President Barack Obama is weighing a range of options for starting the withdrawal of some American forces.

The US has roughly 100,000 troops in Afghanistan. When the president sent an additional 30,000 US forces to Afghanistan at the end of 2009, he did so with the caveat that some of those troops would start coming home in July.

US State Department spokesman Mark Toner said only that the US has "consistently supported an Afghan-led" peace process.

"Over the past two years, we have laid out our red lines for the Taliban: They must renounce violence; they must abandon their alliance with al-Qaida; and they must abide by the constitution of Afghanistan," Toner said. "This is the price for reaching a political resolution and bringing an end to the military actions that are targeting their leadership and decimating their ranks."

Karzai said some Taliban emissaries who have met with members of the peace council he set up last year were only representing themselves, while others were speaking for the broader movement.

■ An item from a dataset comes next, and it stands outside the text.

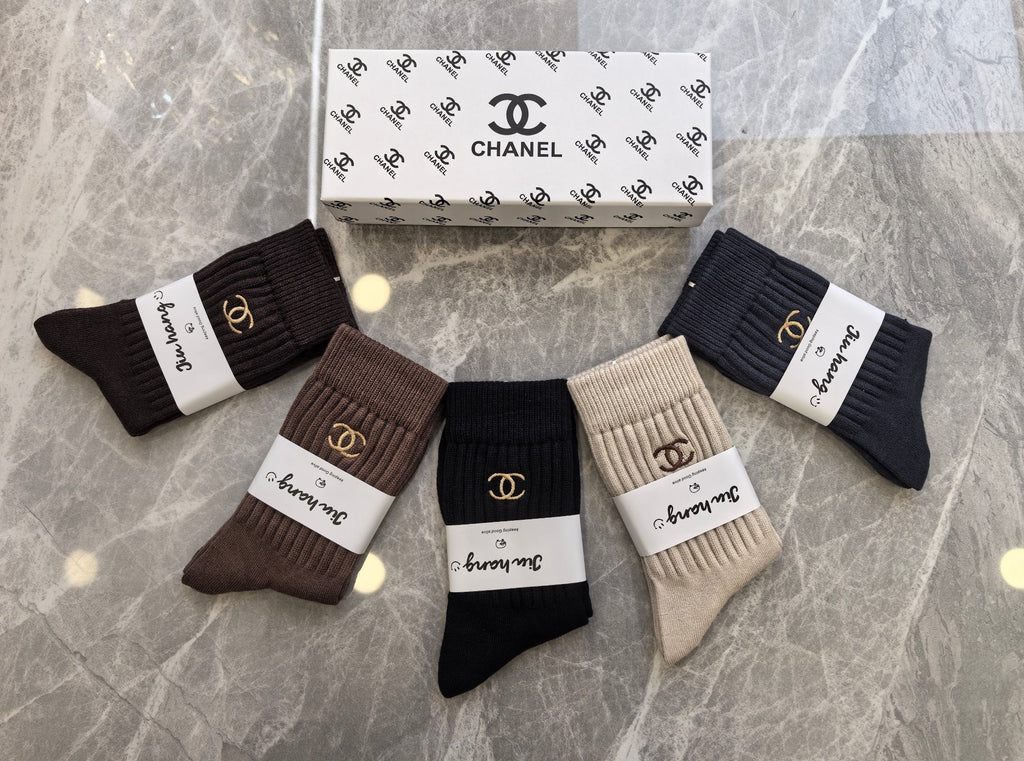 Chanel Short Socks - 5-Pair Pack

The exact nature of the contacts was not immediately clear, and Karzai said no government official outside of the council had contact with them.

Karzai's rambling speech was the latest tweak to the US-led coalition trying to control a message about a war grinding toward the decade mark. It likely overstates the progress of the delicate negotiations both his government and others face in identifying and wooing potential Taliban leaders.

Many of the movement's leaders remain either unknown or underground since fleeing Kabul at the start of the US-led invasion. Mullah Mohammad Omar, the Taliban's one-eyed leader, has not been seen publicly since 2001.

Officials also have been duped before. Late last year, a Quetta, Pakistan, shopkeeper posed as the Taliban's former aviation minister, Mullah Mohammed Akhtar Mansour, and met twice with Western officials before they realized they had been tricked.

However, such talks may be gaining momentum after the U.N. Security Council voted unanimously Friday to treat al-Qaida and the Taliban separately when it comes to U.N. sanctions, a move aimed at supporting the Afghan government's reconciliation efforts.

Meanwhile, violence persists. Insurgents attacks targeted three convoys ferrying fuel and supplies to NATO troops in western and eastern Afghanistan over the weekend, killing nine Afghan security guards and torching at least 15 fuel tankers, officials said.

In the eastern city of Jalalabad, insurgents kidnapped a provincial council member for Logar province and three of his family members.

Three NATO service members also were killed Saturday _ two in southern Afghanistan and one in the east, according to the alliance. At least 33 international soldiers have died in Afghanistan so far this month, raising the death toll for 2011 to 239.